It’s no secret that the progress of televisions — in terms of the tech they are based on — had slowed down considerably during the last few years: OLEDs kept their perfect blacks and contrast while gaining some brightness, LED/LCDs kept their high brightness while becoming better at controlling backlight and… well, that was about it. Small steps forward for either display tech were made every year, yes, as well as improvements in picture processing and sound, but nothing truly new. And then talk about QD-OLED screens started making the rounds, the first QD-OLED TVs were announced by Sony, Samsung took everyone by surprise bringing their own models to market first, Sony closely followed… and now there is this third type of television available to consumers. At long last, progress. Something new.
The Sony A95K is definitely the most promising QD-OLED TV in the market right now, as well as the most talked-about model for the better part of 2022. Having lived with one for 3 weeks, yours truly can finally answer the obvious question: has Sony managed to accomplish the impossible? That is, offer a top tech product that lives up to its crazy hype?
The company actually has. The A95K does live up to the hype, but that does not mean it is for everyone. Read on.
Design, ports, sound: a lot to like, some room for complaint
Sony has offered some of the most beautiful OLED TVs out there: they may not be the thinnest available, but they are stylish, extremely well-built and let the distinctive Bravia personality shine through every time. You can’t mistake them for other OLEDs. The A95K is no exception, but this year Sony chose to go for an unusual design that ended up being controversial: this model’s stand allows for positioning in front of the panel (so as to have the TV set on furniture but flush against the wall) or at the back of it (where it’s perfectly concealed) at a slight angle reminiscent of the company’s very first OLED TV, the A1. Thin bezels and a matte black finish complete the modern look of an extremely attractive TV.
The problem with this design choice is twofold. One: putting the stand in front of the TV does not help the A95K blend in with its surroundings (since the stand is sizable and always there), while the slight angle of the TV when the stand is put behind the screen might not be to everyone’s taste (yours truly really likes it but others might not). Most importantly, though: in either position, the stand does not leave any room available for a soundbar, since the screen is almost on the same level as the surface of the furniture the TV set is on. A lot of consumers will not mind, since the built-in sound system of the A95K is very effective (more on this in a bit), while others will be pairing this high-end TV with a sound system consisting of multiple speakers anyway. But soundbars are still a popular way of getting good sound and the design of the A95K does make their use difficult.

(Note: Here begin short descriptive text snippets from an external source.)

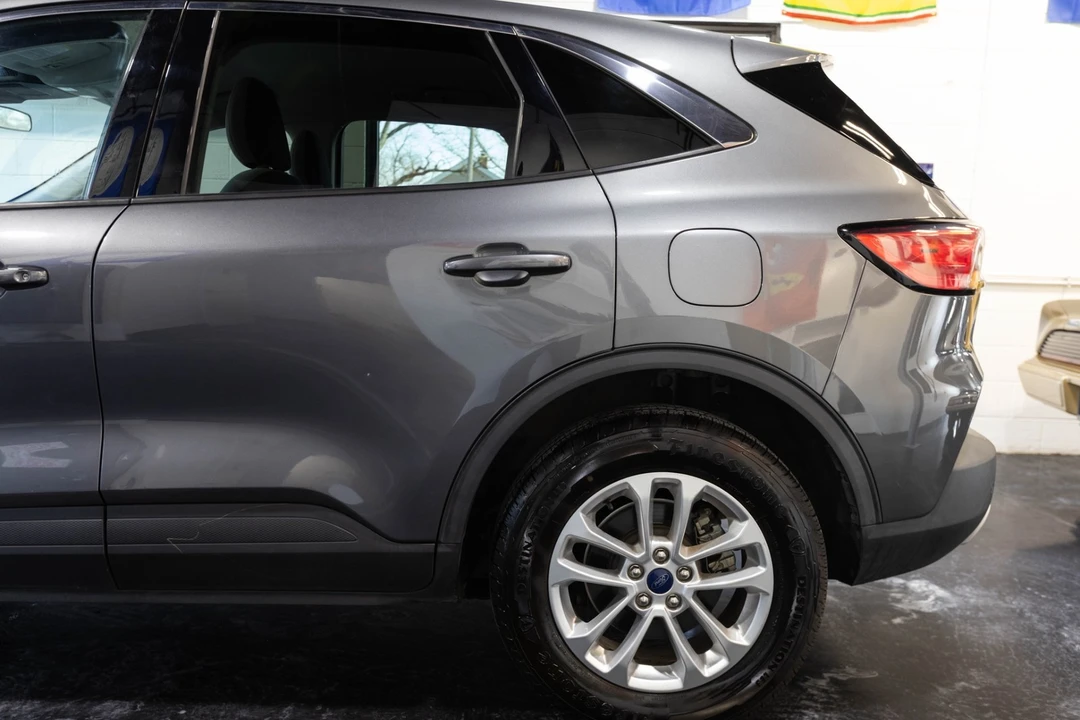 2021 Ford Escape - Image 8 of 12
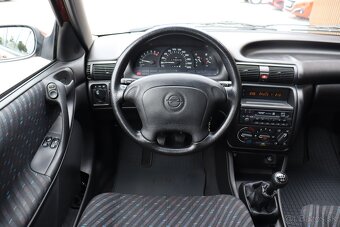 Opel Astra 1.4 GL, SR. kúpené, 76626 km - 16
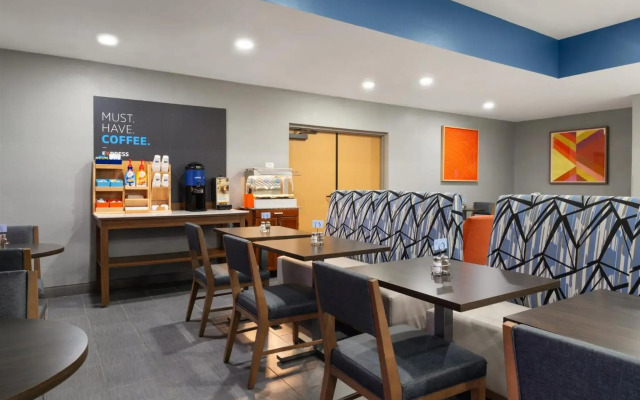 Holiday Inn Express & Suites Sebring by IHG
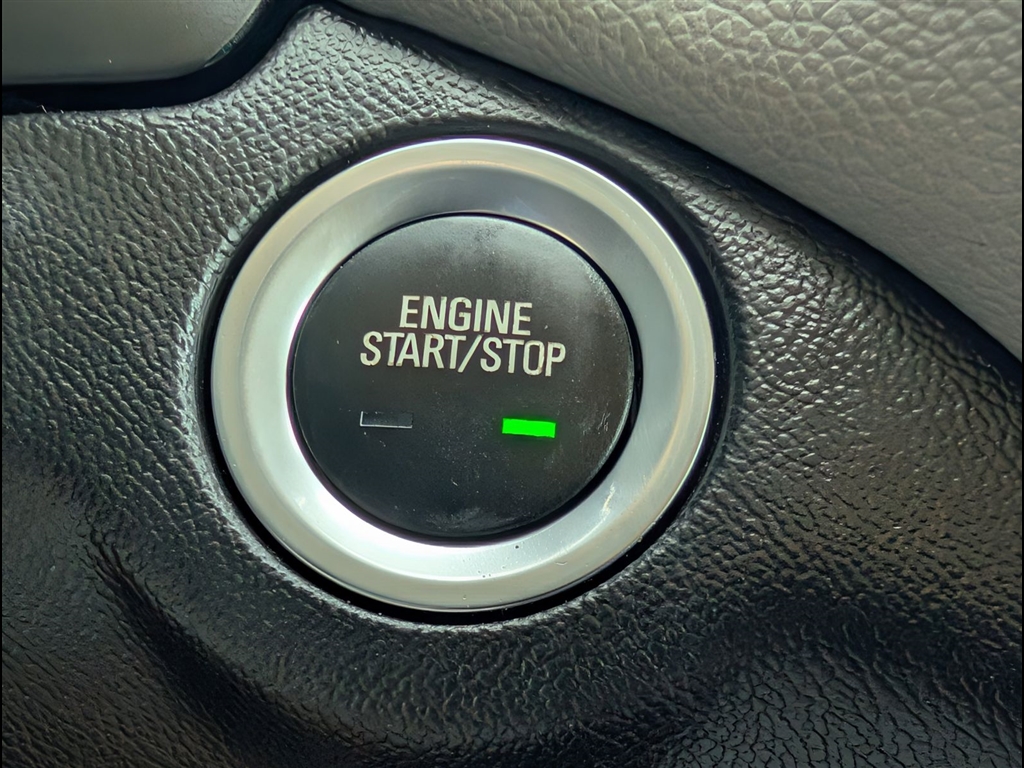 Used 2022 Iron Gray Metallic Chevrolet LT image 31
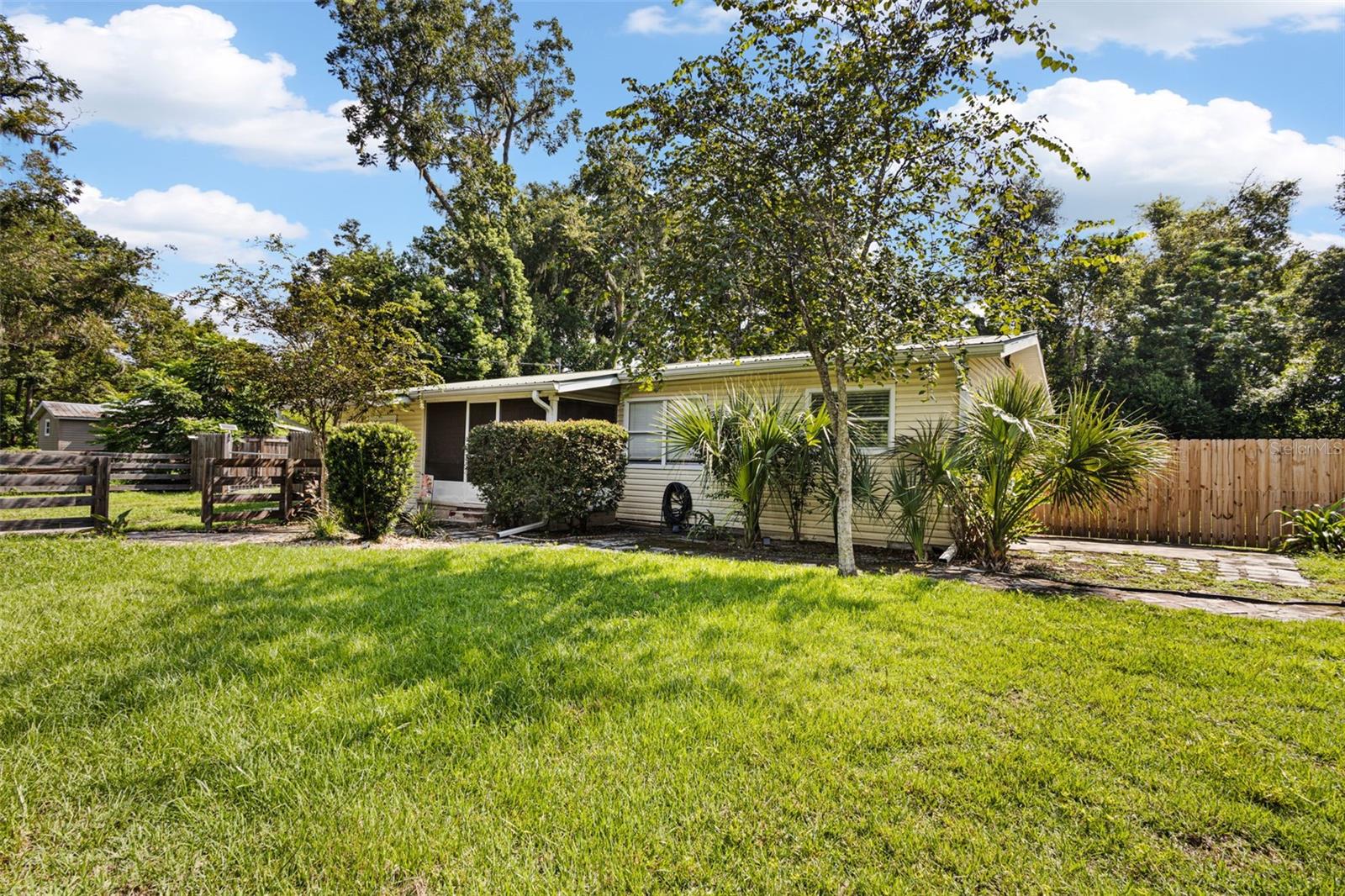 418 Ne 3rd St Property Photo 1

One can easily see — or rather hear — why Sony was so confident, though, in designing the A95K without taking into account the placement of a soundbar beneath it: this TV sounds amazing. The Japanese have been improving their Acoustic Surface Audio Plus tech — which uses actuators that vibrate the screen, practically transforming it into a large speaker with actual control over the placement of voices and effects depending on the displayed picture — for a few years now and this is their best implementation yet: dialogue is very clear and beautifully textured, channel separation is extremely effective, while mids or highs sound detailed and convincing without getting indistinct at high volume. The A95K sports two separate subwoofers down-firing too, so bass is deep but quite nimble and free of distortion.

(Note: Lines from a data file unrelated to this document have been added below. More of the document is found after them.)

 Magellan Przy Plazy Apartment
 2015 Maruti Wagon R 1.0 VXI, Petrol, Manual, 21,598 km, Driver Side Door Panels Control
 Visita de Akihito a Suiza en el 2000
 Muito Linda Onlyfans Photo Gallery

Simply put: the A95K would have to be paired with an extremely high-quality soundbar/subwoofer combo in order to have its sound actually improved. Such a TV deserves to be enjoyed with a proper sound system anyway — let’s be real here, no TV set can offer fully directional Dolby Atmos sound as intended, no matter what Sony or any other manufacturer claims these days — and it’s quite possible that most consumers the A95K is targeted at are of the same opinion. As an added bonus, the A95K can be wired to such a sound system consisting of separate speakers in order to work as the center, dialogue speaker. Yours truly did not try this with the A95K but did with the legendary A90J last year and can confirm that Sony’s OLED TVs can be extremely effective in that role.

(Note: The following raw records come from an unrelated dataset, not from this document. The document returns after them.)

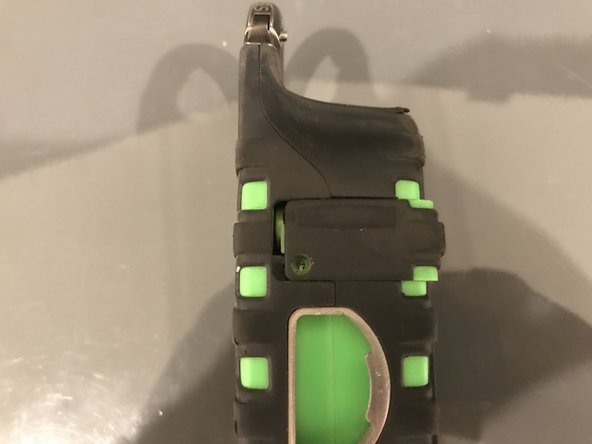 Etón Scorpion Battery Replacement: crwdns2935265:03crwdnd2935265:02crwdnd2935265:03crwdne2935265:0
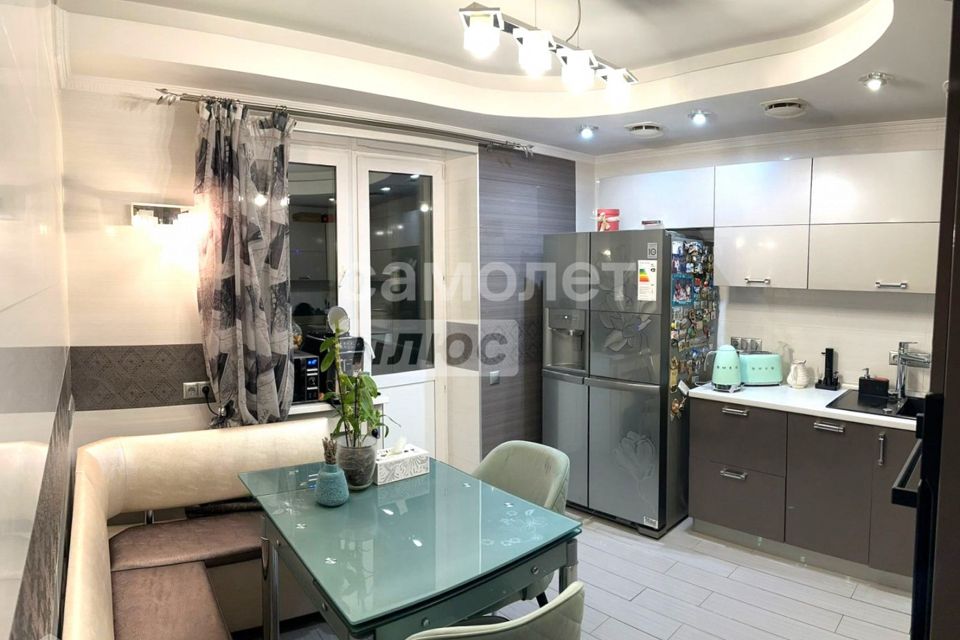 Продаётся 1-комнатная квартира, 50.4 м²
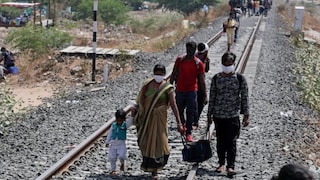 मुंबईची खबर: प्रवाशांच्या सुरक्षिततेसाठी मुंबई रेल विकास महामंडळाचं मोठं पाऊल! आता ट्रेस्पासिंगमुळे जीव गमवावा लागणार नाही... Mumbai Tak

What is also easy to confirm, alas, is the fact that the A95K shares the same selection and type of ports with any other 2022/2021 Sony hi-end TV — meaning that everything necessary is present and accounted for but, at the same time, that consumers picking up the company’s best television for this year (one of its most expensive ones too) could have asked for more. There’s an Ethernet port for wired connectivity, but it’s of the 100 Mbps variety (a USB3.0-to-Gigabit Ethernet dongle can take care of that but there should be no need), there’s just one USB 2.0 port (for multimedia file playback from external storage but there should be more), as well as a composite video input (for some reason) and optical audio out (not ideal anymore). Wireless connectivity is faster than wired (Wi-Fi AC), while Bluetooth 4.2 is enough for a variety of current use cases (but not future ones). As stated: all that’s expected is there, but it could have been better.
The one expandability issue that can actually cause problems, though, is HDMI-related. The A95K offers 4 such ports, but only 2 of those are of the 2.1 variety and, of those two, one happens to be the port supporting eARC. This means that consumers won’t be able to use a modern soundbar to its full potential if they wish to also connect two modern game systems — a PS5 or an Xbox Series S/X or a gaming PC — all at the same time. People who do not plan to use this TV with more than one such HDMI 2.1 gaming device won’t be affected by all that, while others may choose a soundbar equipped with HDMI 2.1 inputs or an HDMI 2.1-equipped receiver to get around this limitation. It’s not a deal breaker for the intended target group of the A95K but, again, for Sony’s best TV of 2022, it’s not ideal either.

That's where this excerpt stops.